Professor Jay Hinton has received a second prestigious Wellcome Investigator Award to further his world-leading research on ‘killer’ African Salmonella.

Bloodstream infections caused by variants of two types of Salmonella (Typhimurium and Enteritidis) cause around 50,000 deaths each year in sub-Saharan Africa. This endemic disease has recently become a major public health concern.

Professor Hinton has been studying Salmonella for more than thirty years. His most recent research, supported by a previous Wellcome Investigator Award, has provided fundamental understanding of the epidemiology, transmission and virulence of African Salmonella to drive forward the development of new treatments and vaccines.

The new £1.6m award will support a five-year project to determine how African Salmonella survive and replicate whilst they infect and hijack human cells. Using state of the art functional genomic techniques, Professor Hinton will carry out experimental comparisons between African and gastroenteritis-associated Salmonella while they are growing inside human macrophages. It is hoped the findings will reveal the hidden “Achilles’ heel” of African Salmonella to improve our ability to combat future epidemics of invasive non-typhoidal Salmonellosis.
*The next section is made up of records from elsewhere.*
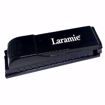 LARAMIE SHOOTER/INJECTOR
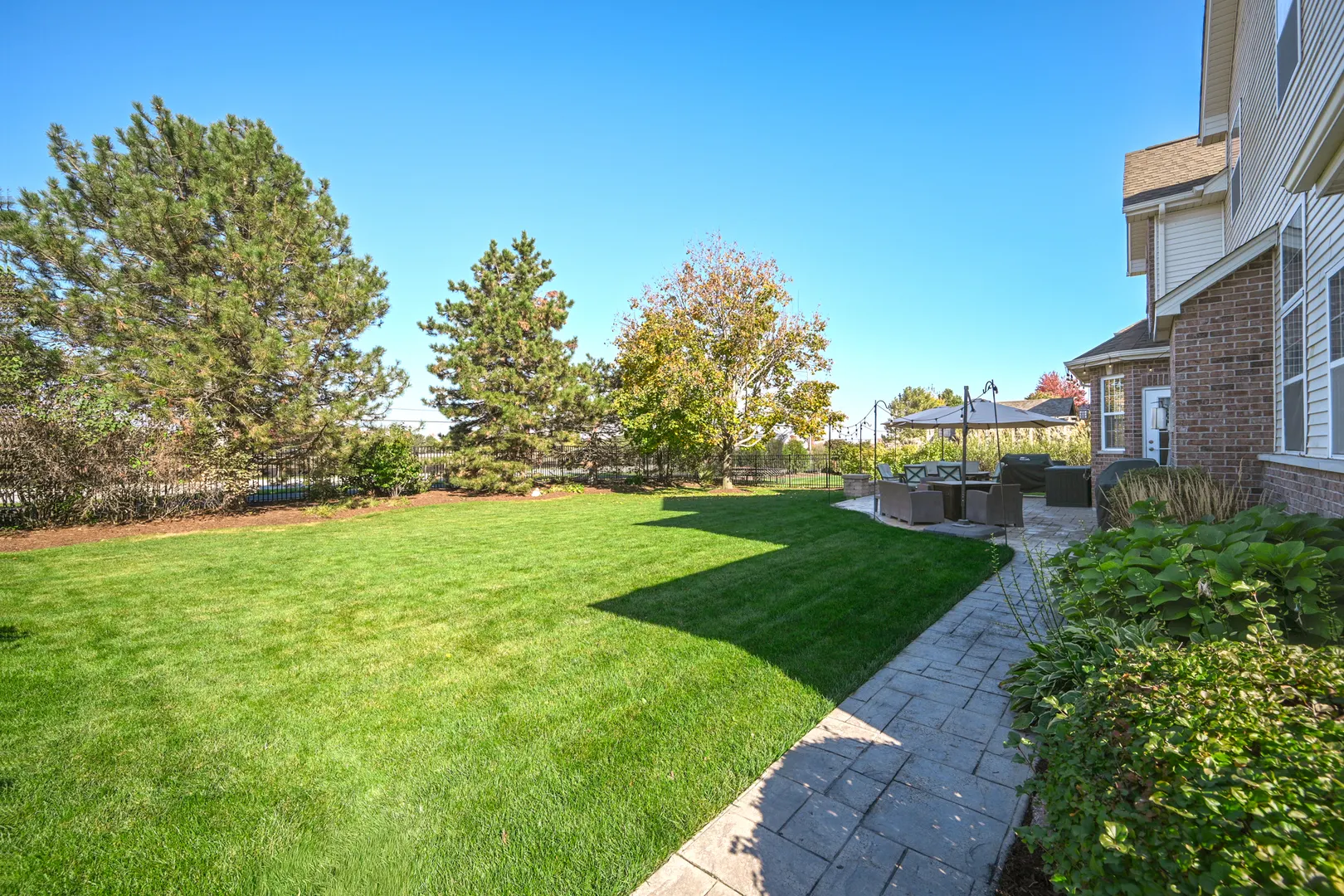 24914 Emerald Avenue IL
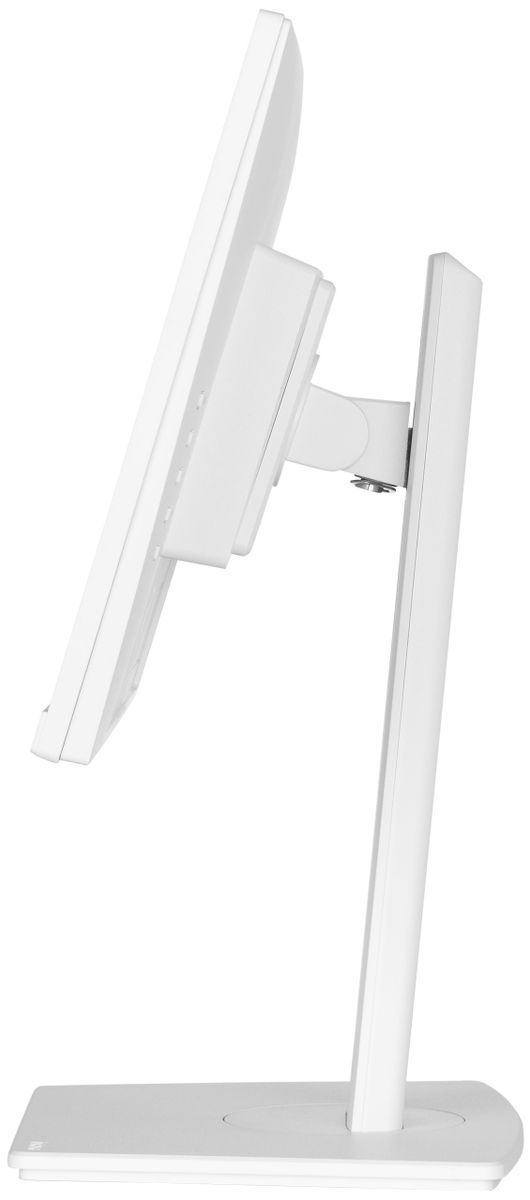 21,5  FHD Business  IPS [IMAGE 7]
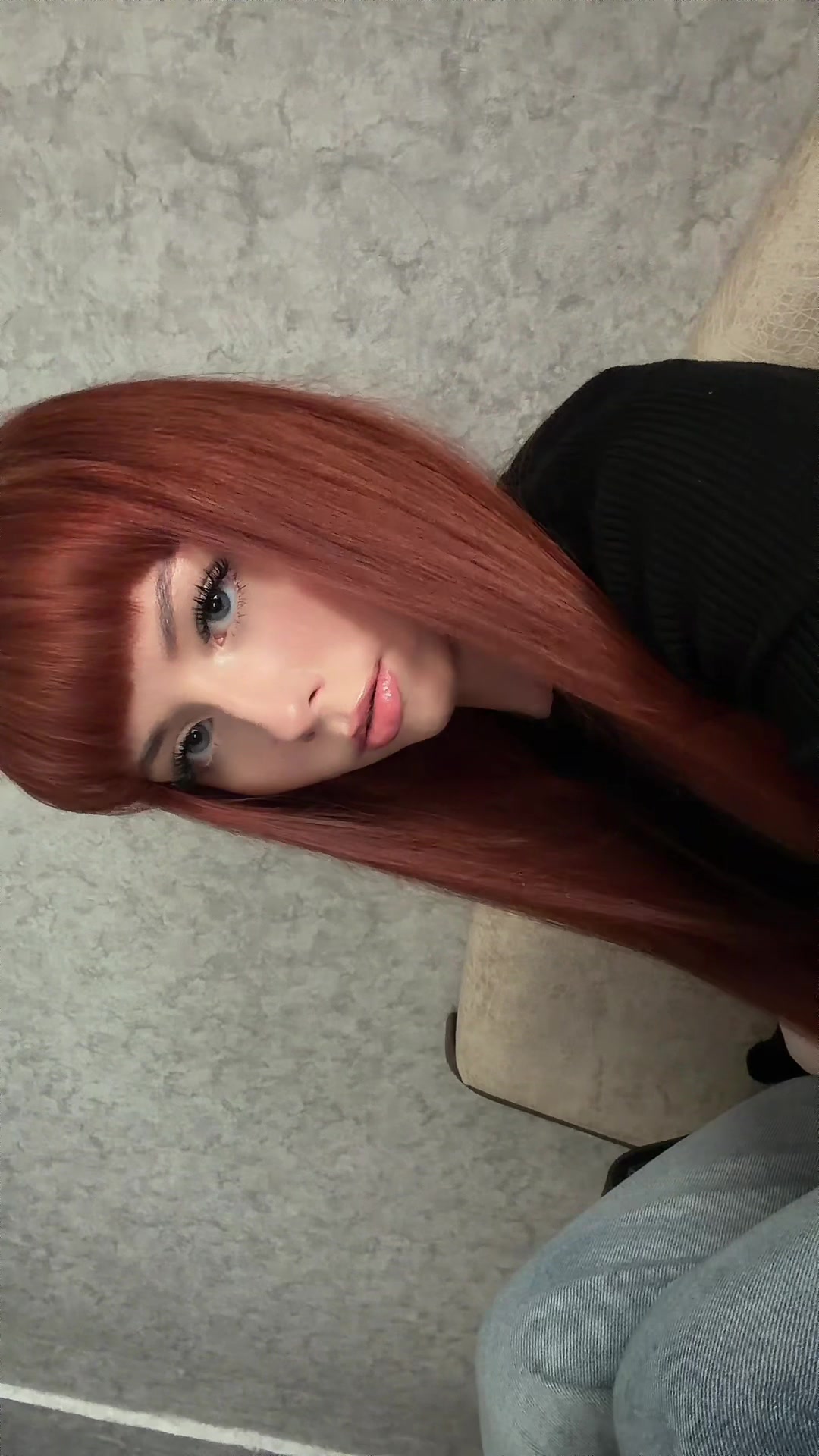 @Im_Alina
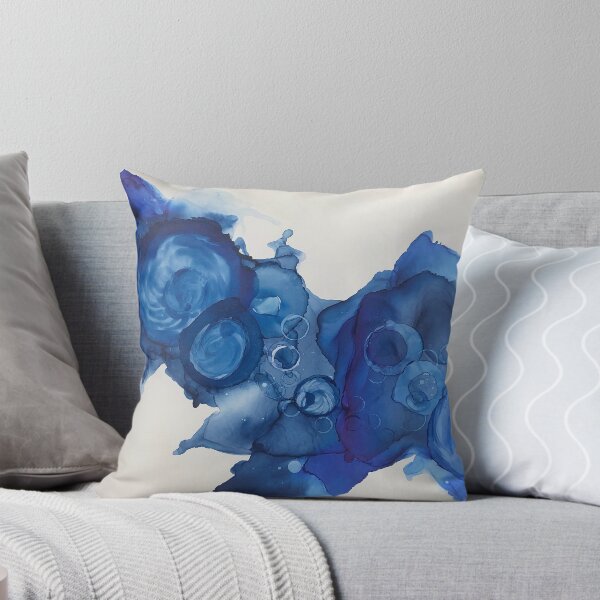 Item preview, Rosy day designed and sold by Lois Gardiner.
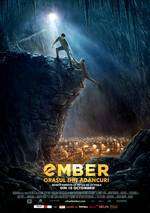 City of Ember – Ember – Oraşul din adâncuri (2008)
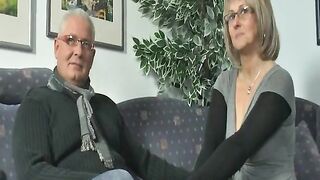 all the snatch u want to make u have a fun #4- spoken in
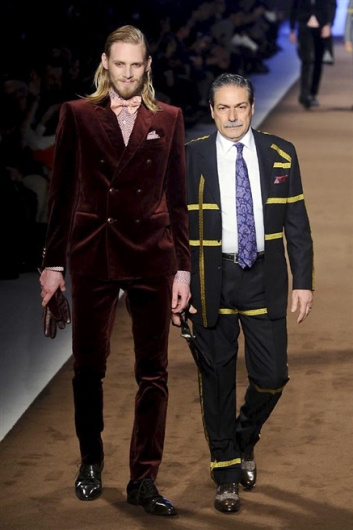 Fotoservizio/FW 2014-2015/MEN/ETRO/DP1/60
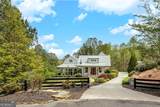 1279 Mount Carmel Church Lane - Photo 2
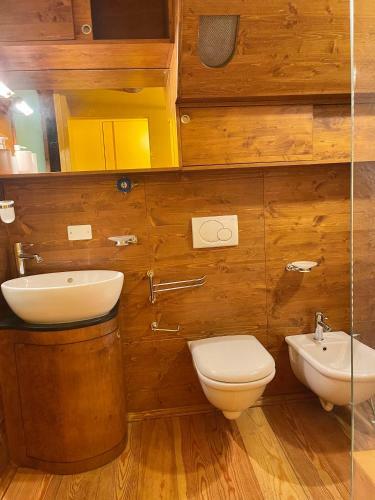 Apartamento Le Mattoni 4, Joli 2 Pi�ces � 2 Min de La Plage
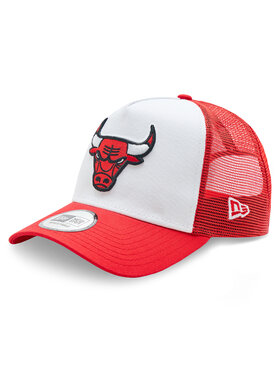 New Era New Era Cap Tm Clr 60348855 Rot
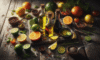 Marinades Made Easy for Beginner Grillers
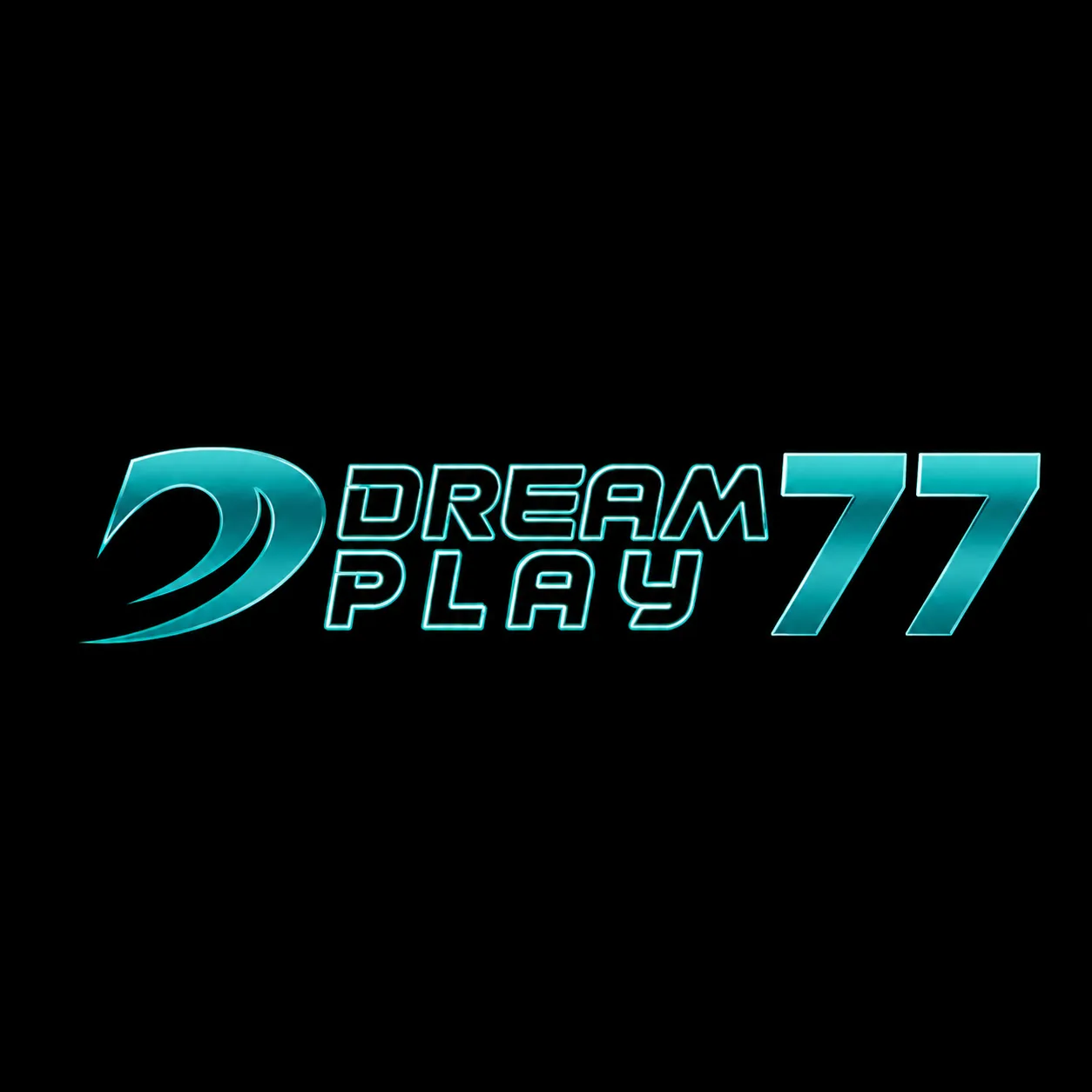 DREAMPLAY77 - Permainan Bingo Terbaik untuk Anda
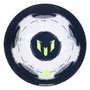 Mini Bola Futebol Adidas Messi Capitano FL7028
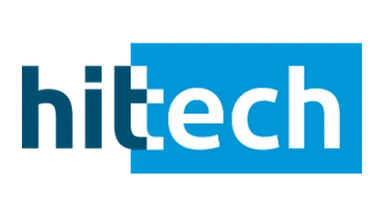 Hittech
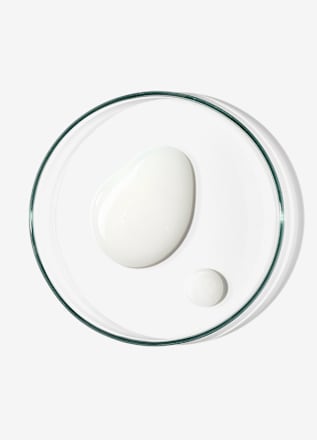 Gel za tuširanje Hydra-Calm BABÉ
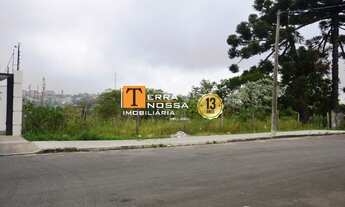 Imagem 2: CAXIAS DO SUL - Terreno Padrão - Vila Verde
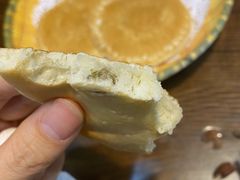 -张氏父子常德肠子馆(红星总店)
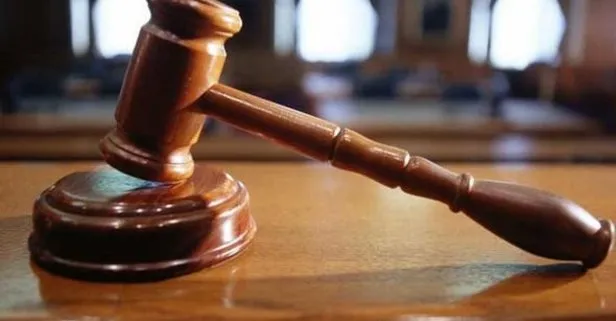 EŞIN RIZASI OLMADAN EV KIRAYA VERILEMEZ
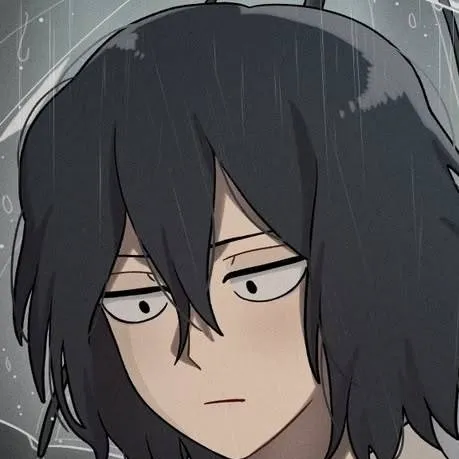 chat with ai character: Shota Aizawa 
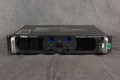 Prosound 1000 Professional Power Amplifier **COLLECTION ONLY** - 2nd Hand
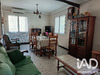 Ma-Cabane - Vente Maison Saint-Paulet-de-Caisson, 187 m²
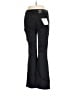 mavi Black Jeans Size 30 waist - photo 2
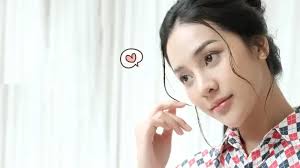 14 Fakta Unik Profil Anya Geraldine yang Tersembunyi di Balik Sorotan:  Bukan Hanya Sensasi!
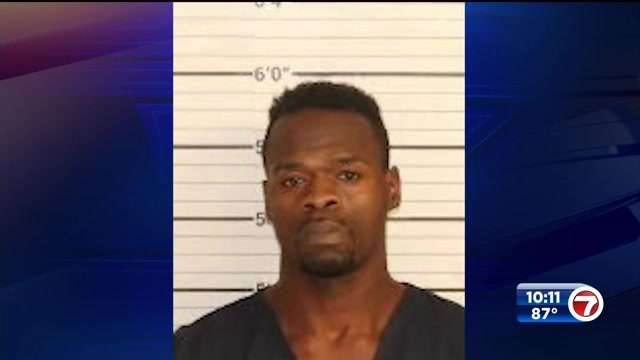 Suspect charged in abduction of Eliza Fletcher, but Memphis teacher ...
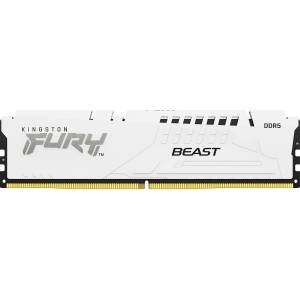 Память оперативная Kingston FURY Beast KF556C40BWK4-64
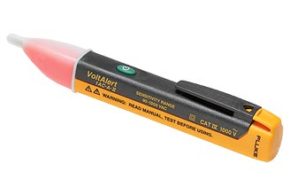 Fluke 1AC-II :VoltAlert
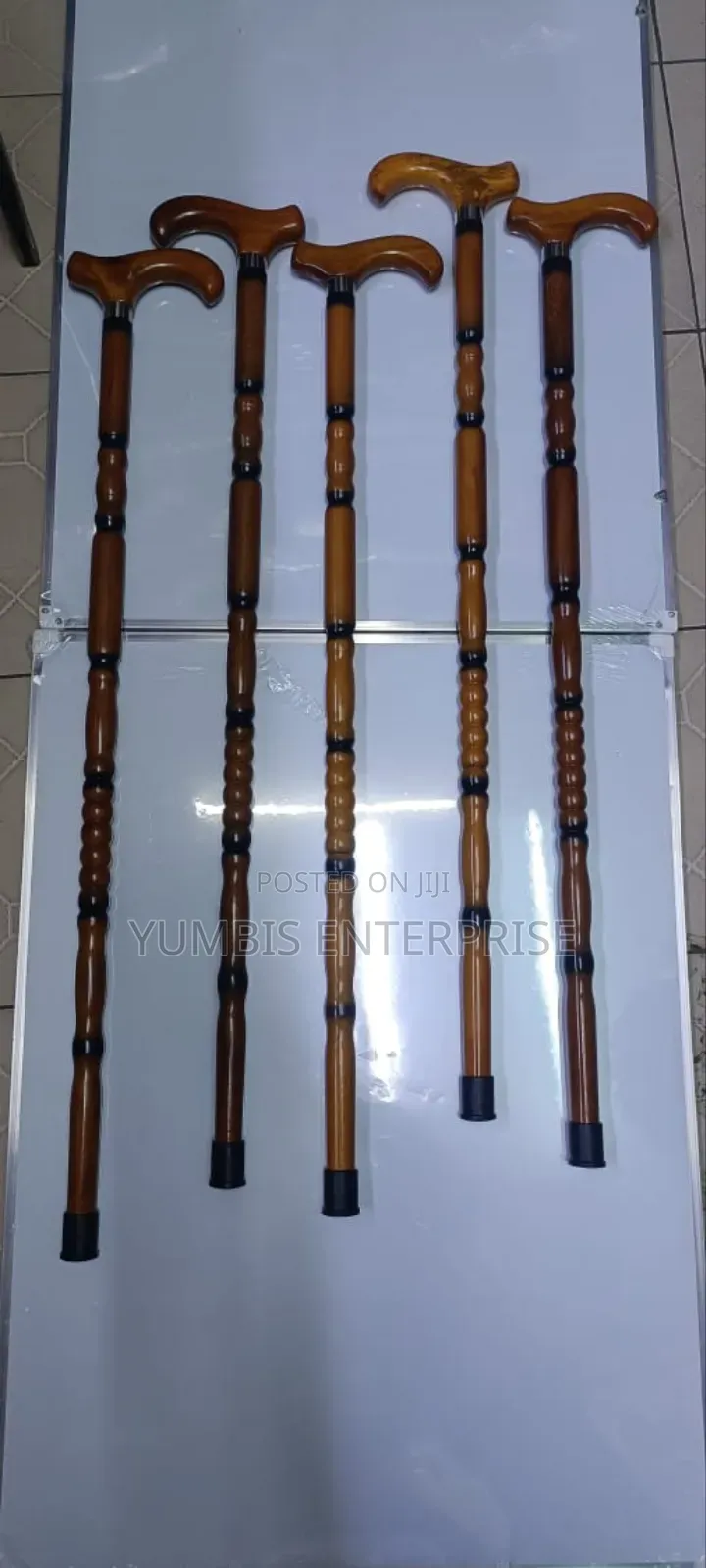  Wooden Walking Sticksfor Occasions N Assistance in Oldage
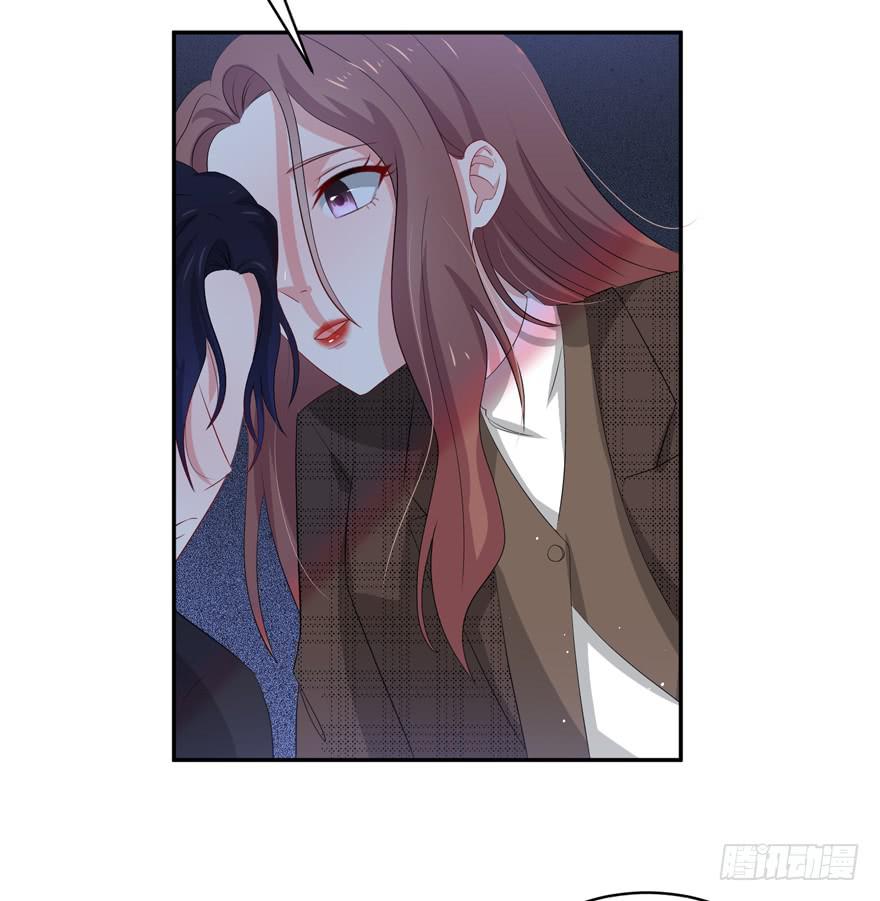 第10话(1/2)-第10话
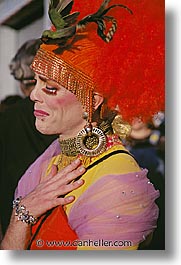 images/California/SanFrancisco/FolsomFair/drag-queen05.jpg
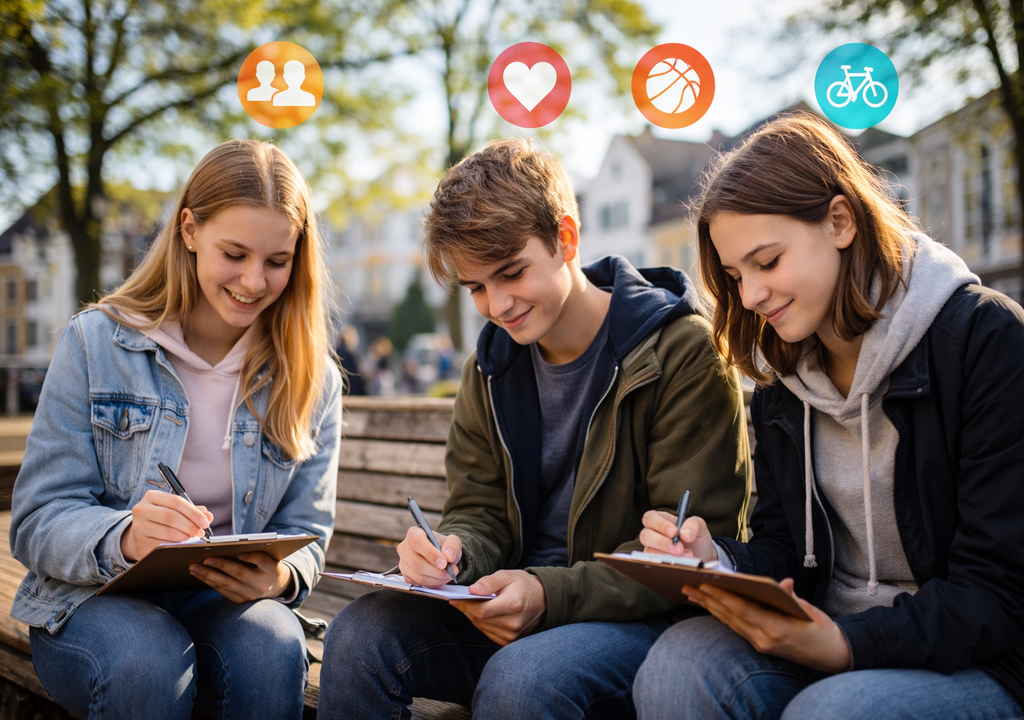 ChatGPT Image 26. Jan. 2026, 10_14_30(1)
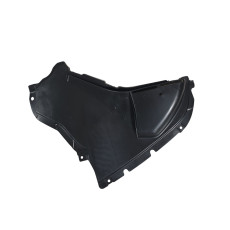 Локер  RH на BMW 7 Series G11 / G12 2019-2023 року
Professor Hinton, from the University’s Institute of Infection, Veterinary and Ecological Sciences, said: “The progress we have made so far reflects the skills of my remarkable research team, and close collaborations with Professors Melita Gordon and Nick Feasey at the Malawi-Liverpool-Wellcome (MLW) Clinical Research Programme.

“Thanks to the Wellcome Trust, my laboratory will have another five years of funding to continue this vital work. The new award will allow us to study African Salmonella in human cells for the first time and take our investigation of this devastating disease to the next level.”

Wellcome Trust Investigator Awards support exceptional, world-class researchers to address the most important questions of human disease. Professor Hinton’s funding will run from 2022 to 2027 and support a team of four postdoctoral researchers and a PhD student.